Although Birmingham Charter, Greenfield, and Gridley identified too few youth experiencing homelessness to make a meaningful comparison, the data from the other three LEAs support the reasoning that greater coordination generally yields better results. Specifically, Norwalk‑La Mirada works with other organizations to provide various services to families and youth experiencing homelessness; further, although San Bernardino could not always provide documentation, it claims that it also works with service organizations to provide services to these youth and their families. The data show that at these two LEAs, the youth experiencing homelessness had lower rates of absenteeism, suspension, and dropping out than statewide averages, whereas the youth experiencing homelessness at Vallejo, which told us that it generally does not coordinate with service organizations, consistently had higher rates of absenteeism, suspension, and dropping out compared to statewide averages.
The available data also suggest that California LEAs are not doing enough to identify youth who are experiencing homelessness, even though identification is the critical first step to providing these youth with the necessary services and support. Homeless education experts generally estimate that 5 to 10 percent of economically disadvantaged youth—those eligible for free or reduced‑price meals under the National School Lunch Program—experience homelessness during an academic year. However, despite the high numbers of economically disadvantaged youth enrolled in California schools, Education has not established a benchmark for determining those LEAs that may not be identifying all youth experiencing homelessness. Had Education established such a benchmark, it would have found that the majority of LEAs in the State identified less than 5 percent of their economically disadvantaged youth as experiencing homelessness during academic years 2015–16 through 2017–18. In fact, of the six LEAs we visited, four identified 3 percent or fewer of their economically disadvantaged students as experiencing homelessness. When LEAs fail to identify these youth, they cannot provide them with much‑needed services.
Although all but one of the six LEAs we reviewed acknowledged that they have not identified all youth experiencing homelessness, they have not taken steps to improve their processes. None of the six LEAs have adequately trained school personnel who provide services to these youth, as federal law requires. This training would help to ensure that the staff are aware of important information, such as the definition of a youth experiencing homelessness and the key indicators to look for, that would help them identify the youth needing services. Moreover, several of the six LEAs have ineffective identification methods, and none have sufficiently followed best practices. For example, two of the six do not provide annual housing questionnaires to all enrolled students to identify whether they are experiencing homelessness. By using a housing questionnaire at least annually to determine the housing situation of each enrolled student, LEAs could better identify youth who are currently experiencing homelessness.

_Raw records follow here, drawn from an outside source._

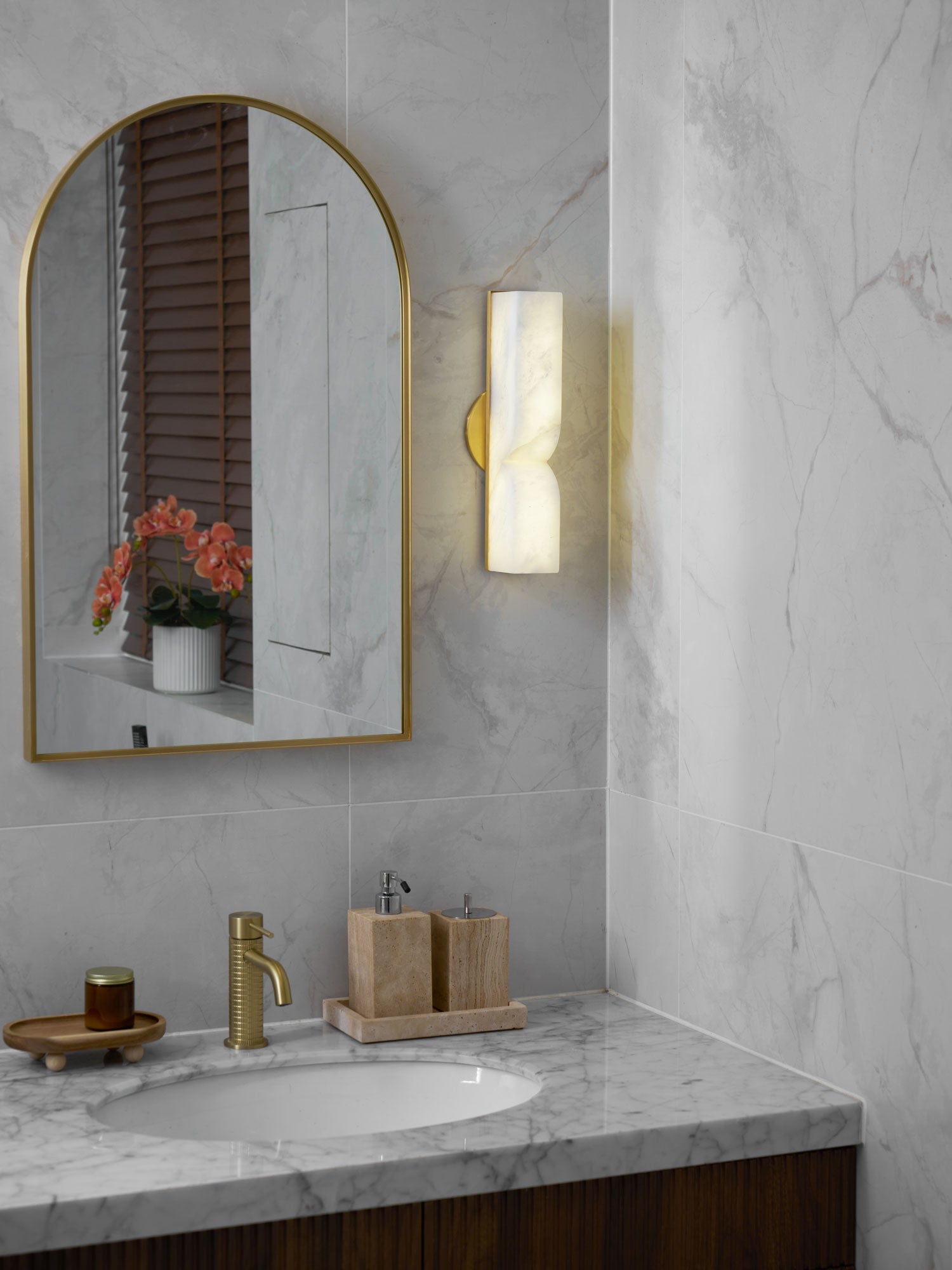 Solenal Sculptural Wall Light
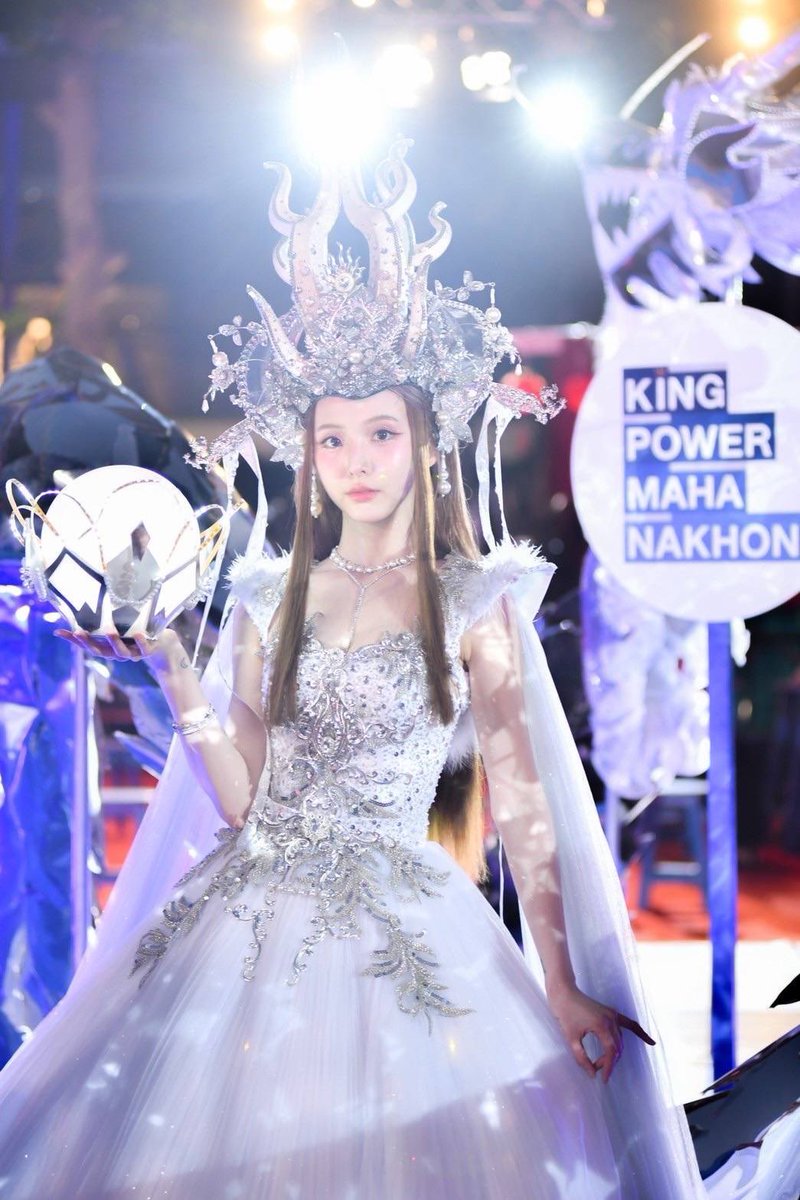 EM_Gossip's tweet photo. โชว์สุดอลัง !! #เนเน่พรนับพัน ร่วมโชว์ชุดมังกรกระจก งานเปิด “Mahanakhon Chinese Festive Market” ณ คิง เพาเวอร์ มหานคร ✨🎉🐲🧧
อ่านต่อ : https://t.co/ADxg0jz5Pd
#เนเน่ #Nene郑乃馨
#nenevader
#เนเน่ตรุษจีนมหานคร
#KingPowerMahanakhon
#DragonShow #CNYMarket
#ChineseNewYearxKingPowerMahanakhon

Moreover, federal and state laws require that LEAs disseminate certain information related to their homeless education programs in public places, including schools, shelters, public libraries, and food pantries, frequented by families of youth experiencing homelessness to increase awareness regarding the educational rights of youth experiencing homelessness. However, only one of the six LEAs we visited—San Bernardino—has disseminated such information. Local liaisons for four of the remaining LEAs were unaware that the law required them to disseminate such information, and the final LEA—Norwalk‑La Mirada—only disseminated information several years ago at the onset of its homeless education program. When LEAs do not disseminate information to all stakeholders about the rights of these youth, they hinder their own ability to identify all of them.

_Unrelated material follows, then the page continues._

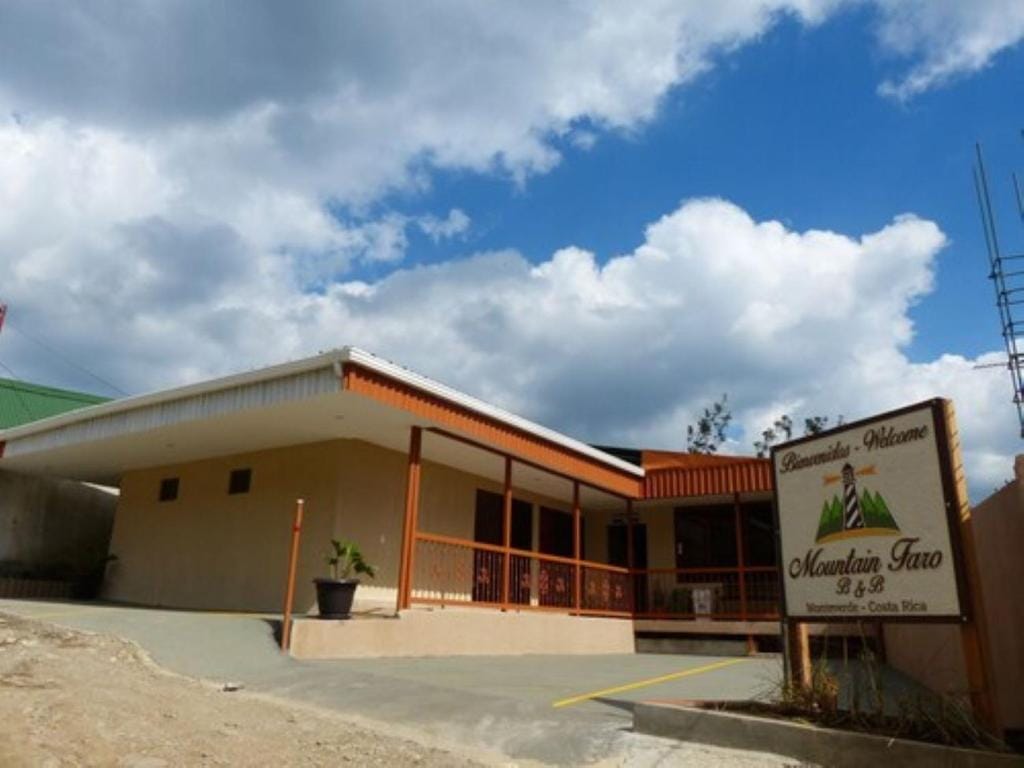 Mountain Faro Hotel — 1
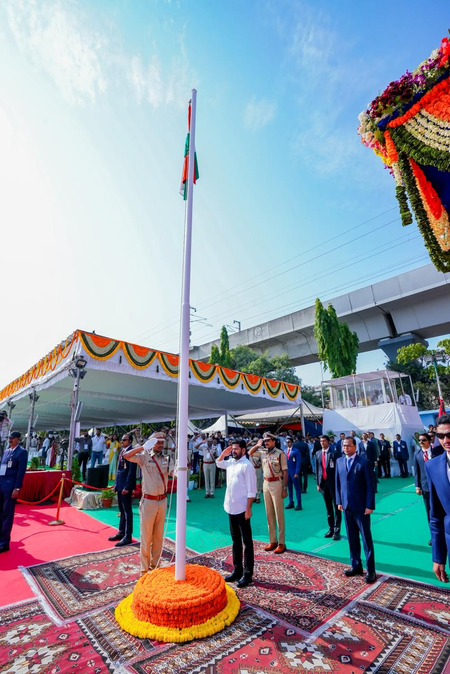 तेलंगाना ने मनाया स्थापना दिवस, सीएम रेवंत रेड्डी और राज्यपाल ने फहराया तिरंगा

We believe that many of the problems we noted at the six LEAs are in part a result of Education’s inadequate oversight and leadership of the State’s homeless education program. Federal law requires Education to monitor the activities of LEAs to ensure that they are complying with the requirements of the McKinney‑Vento Act. However, of the nearly 2,300 LEAs in the State, Education monitors only about 20 each academic year, less than 1 percent. Considering the severity of homelessness in California, Education’s review of so few LEAs is concerning. Education’s inadequate monitoring efforts have likely contributed to the issues we identified at the six LEAs. Education also does not fully leverage the data it collects to identify those LEAs that may not be effectively identifying or providing services to youth experiencing homelessness. For example, Education could use the data it collects to pinpoint those LEAs that have identified significantly less than 5 percent of their economically disadvantaged students as experiencing homelessness, and it could provide additional guidance and technical assistance to those LEAs. Identifying those LEAs that require additional guidance is especially important because the guidance Education currently provides is inadequate. Specifically, the sample documents that Education has posted on its website—a sample housing questionnaire and training modules for certain school staff—do not include some key best practices. Further, the sample housing questionnaire contains language that could hinder LEAs in identifying youth entitled to receive services that could help to improve their academic success.

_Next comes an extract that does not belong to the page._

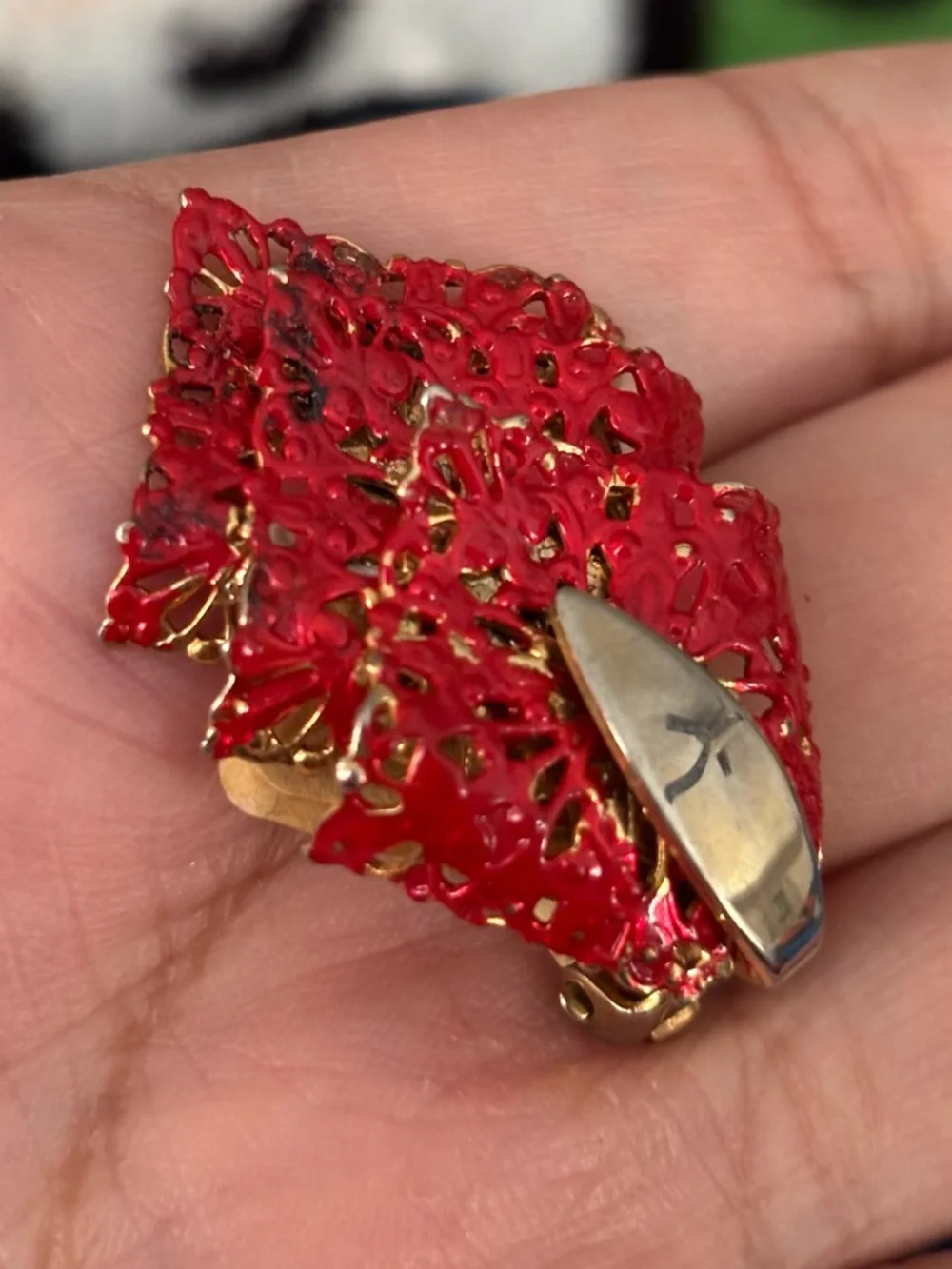💗💗💗Vintage Sarah Coventry Gold-Tone Red Floral Clip-On Earring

Education has asserted that a lack of resources has prevented it from adequately overseeing the LEAs’ homeless education programs. Although it has engaged in deliberations, some of which are confidential, over whether its staffing is adequate, it has not conducted a staffing analysis to identify the additional resources it needs to adequately oversee LEAs’ programs. Further, it did not redirect resources from within the department to its homeless education program until after our audit began. Unless it provides adequate program monitoring, training, and guidance, Education cannot ensure that LEAs are properly identifying and supporting youth experiencing homelessness. Its leadership is critical to ensuring that these vulnerable youth receive the services that they need and to which they are entitled.
To ensure that LEAs effectively identify youth experiencing homelessness, the Legislature should require them to distribute a housing questionnaire to all families and youth, at least annually, and to follow federal laws and best practices when developing the content of the housing questionnaire. The Legislature should also require LEAs to ensure that school personnel who provide services to youth experiencing homelessness receive training on the homeless education program at least annually.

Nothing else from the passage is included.